The organization had tried different methods for prioritizing (such as having the head of finance label projects as high-, medium-, or low-priority). However, these methods yielded only top-priority rankings for virtually all projects.

For higher cost projects, IT Governance did exist. In the fall of each year, the IT site directors would provide business case information for projects they wanted to implement in the coming year. The regional leader would review and accept the projects he or she deemed priority for the site; and an oversight committee eliminated additional projects from the plan to lower the total site budget to match what they could allocate. The results of these meetings determined each site’s budget. In the following year, the sites were free to substitute other projects for those that had been approved, making this an exercise in obtaining funding, not in proper portfolio planning.

The Fix:

The PMO leaders determined that the two main issues to be resolved were lack of resource management and prioritization.

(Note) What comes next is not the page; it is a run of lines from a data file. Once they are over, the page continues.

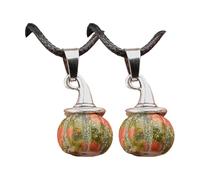 Wegiwuca Collana unisex regolabile con ciondolo a forma di zucca e cappello da strega e pietra di agata naturale su cordoncino nero, gioiello gotico con ciondolo a forma di zucca, Misura unica, come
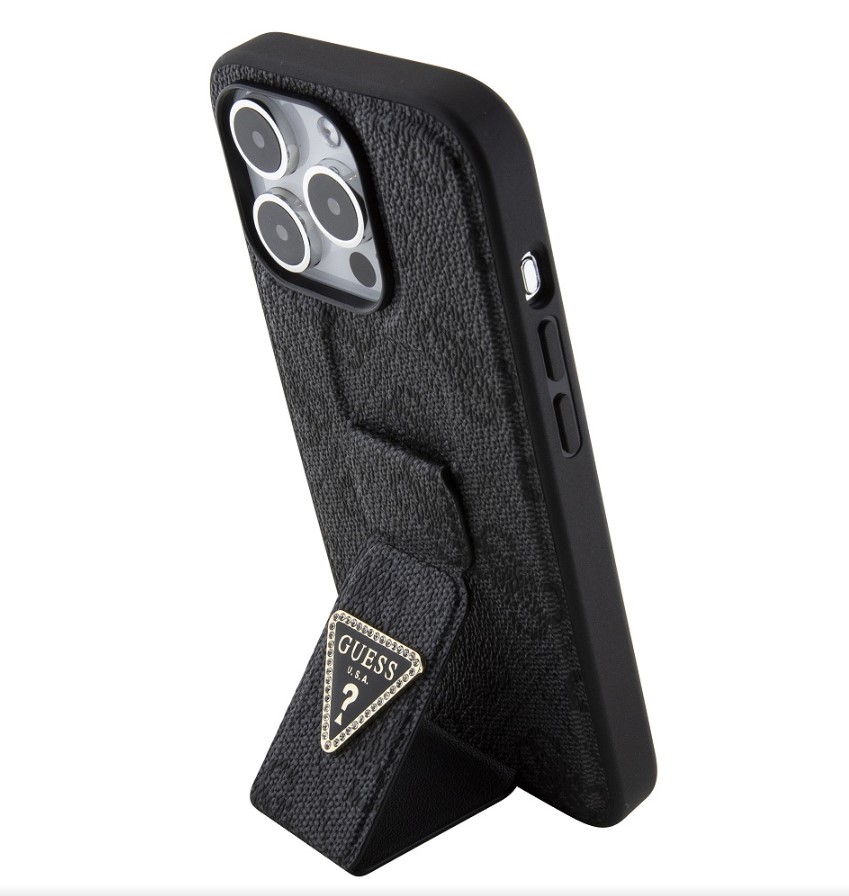 Guess PU Grip Stand 4G Strass Triangle Metal Logo Zadní Kryt pro iPhone 15 Pro Black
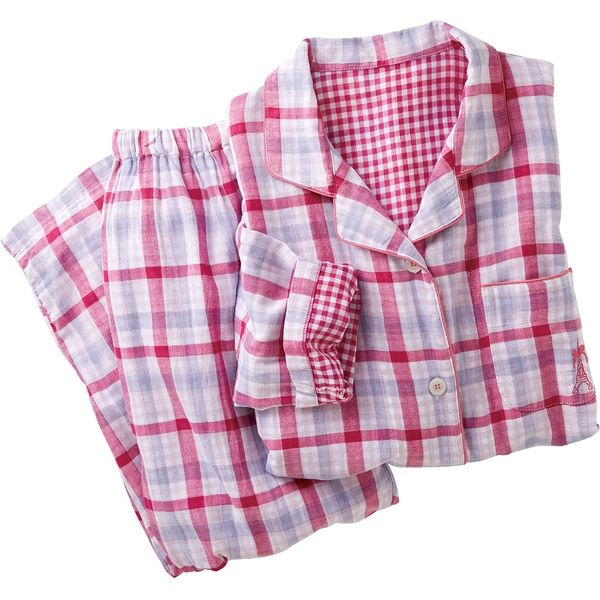 セシール シャツパジャマ A（ピンク系×青系：チェック） LL NW-205（取寄品）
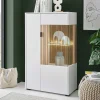 Wohnen Vitrinen<Highboard Vitrine in Mattweiß - Nenaloro
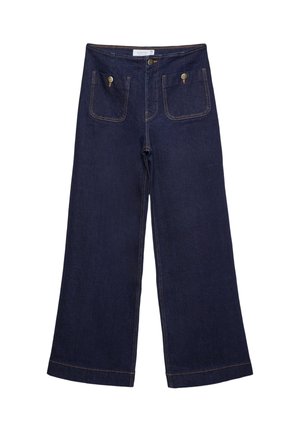 Dunkelblaue Jeans mit weitem Bein aus Denim, zwei vorderen Taschen, sichtbaren Nähten und einem Knopfverschluss. Sie haben einen geraden Schnitt und einen ausgefransten Saum.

They concluded that implementing project portfolio management could resolve both issues and result in successful planning and project management.

The goals for the Portfolio Management implementation were as follows:

  • Tie projects to the corporate strategy,
  • Develop business cases for all proposed projects,
  • View projects across all sites to determine opportunities to combine efforts,
  • Improve project planning,
  • Develop solutions standards:
    • Catalog accepted applications for specific capabilities.

They developed a model for scoring project requests which would serve as the basis for prioritization. The model was based on research of best practices in the industry and tied to the organization’s strategy. Once the model was in place, it was used to prioritize the projects submitted for the yearly budget to demonstrate to the decision makers why they should fund the proposed projects. They now had clear insight into what should be done (prioritization) and what could be done (resource management). Including portfolio management in the project lifecycle greatly improved the organization’s ability to successfully implement projects. It is well known that Portfolio Management is intended to maximize the benefit from an organization’s portfolio of projects; but it also helps ensure project success by “sizing” the portfolio to fit the available resources.